The Welsummer or Welsumer is a Dutch breed of domestic chicken. It originates in the small village of Welsum, in the eastern Netherlands. It was bred at the beginning of the twentieth century from local fowls of mixed origin: Rhode Island Reds, Barnevelders, Partridge Leghorns, Cochins, and Wyandottes. In 1922–23, steps were taken to fix a standard after the birds began to show a good deal of uniformity. The eggs were originally exported for the commercial egg trade. Some stock was exported to the United Kingdom, and the breed was added to the British Standard in 1930.
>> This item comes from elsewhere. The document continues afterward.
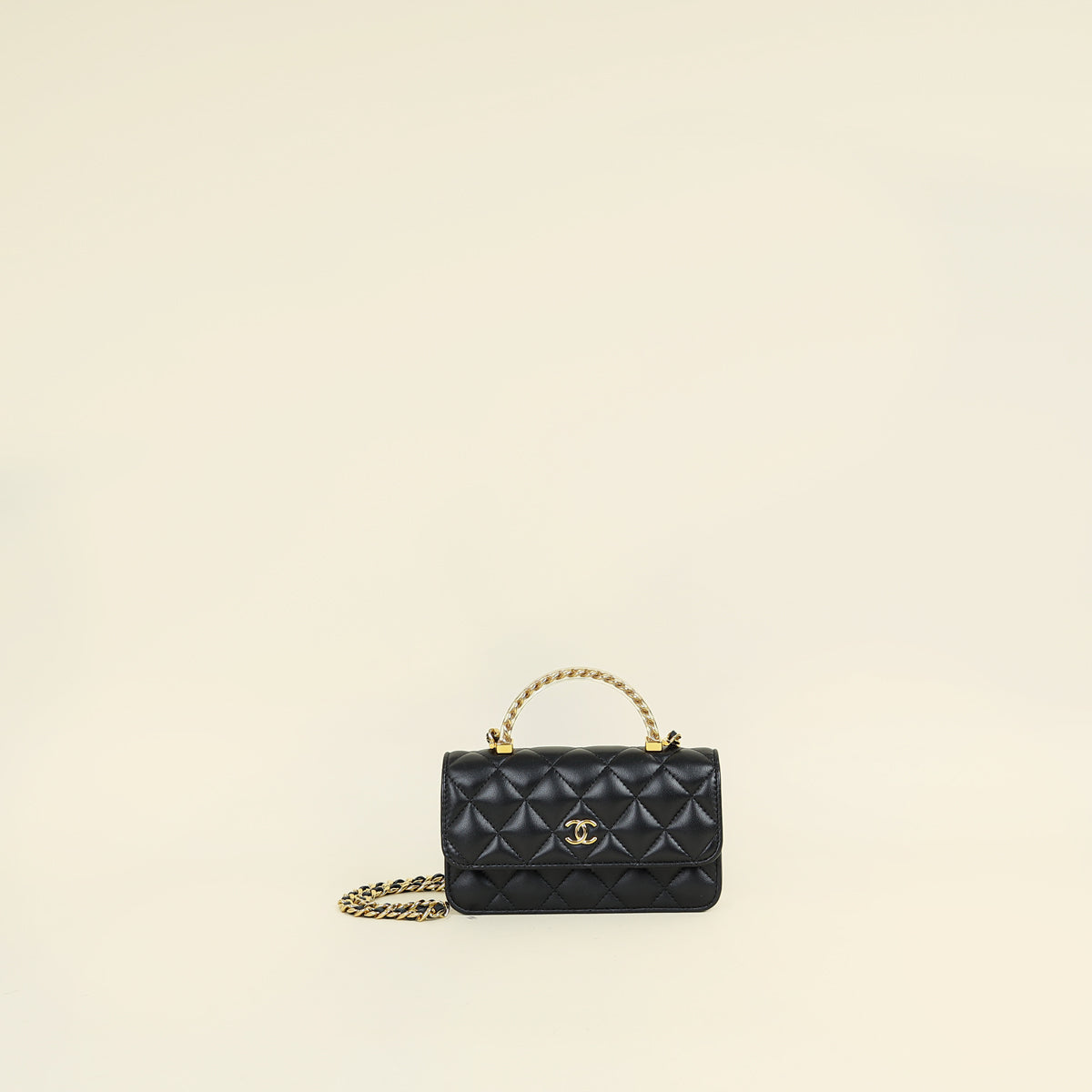 Chanel Black CC Resin Top Handle Clutch Chain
In 2001, a number of farms culled their flocks in connection with the outbreak of foot-and-mouth disease.

== Characteristics ==

Three plumage colours are listed for the Welsumer by the Entente Européenne d’Aviculture et de Cuniculture, of which only one, Red Partridge, is recognised in the Netherlands.
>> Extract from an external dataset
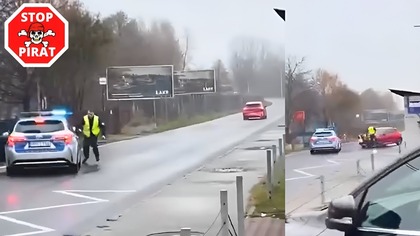 Pościg pod Krakowem i konfrontacja policjantów z uciekinierem.  STOP PIRAT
The Welsummer is a true utility bird, being a great layer as well as great eating. They are very hardy birds often surviving illness and hard winters and are known to live 8-10 years. Due to this the Welsummer was chosen to accompany The First Fleet to Sydney Cove Australia in 1788.
Evolving from the Asian Red Jungle fowl, Wellsummers are an autosexing breed. Autosexing chicken breeds are purebreds where male and female chicks have distinct color/pattern differences at hatch, allowing for easy sexing without vent sexing. In terms of the Welsummer, day old females appear with a dark line from their eye to the back of their head. Males possess a light brown head and back with an absence of that dark eye line.

== Use ==

Welsumer hens lay about 160 eggs per year; the eggs are dark brown and weigh about 65 grams. Bantam Welsumers lay about 180 dark brown eggs per year, with an average weight of 47 g.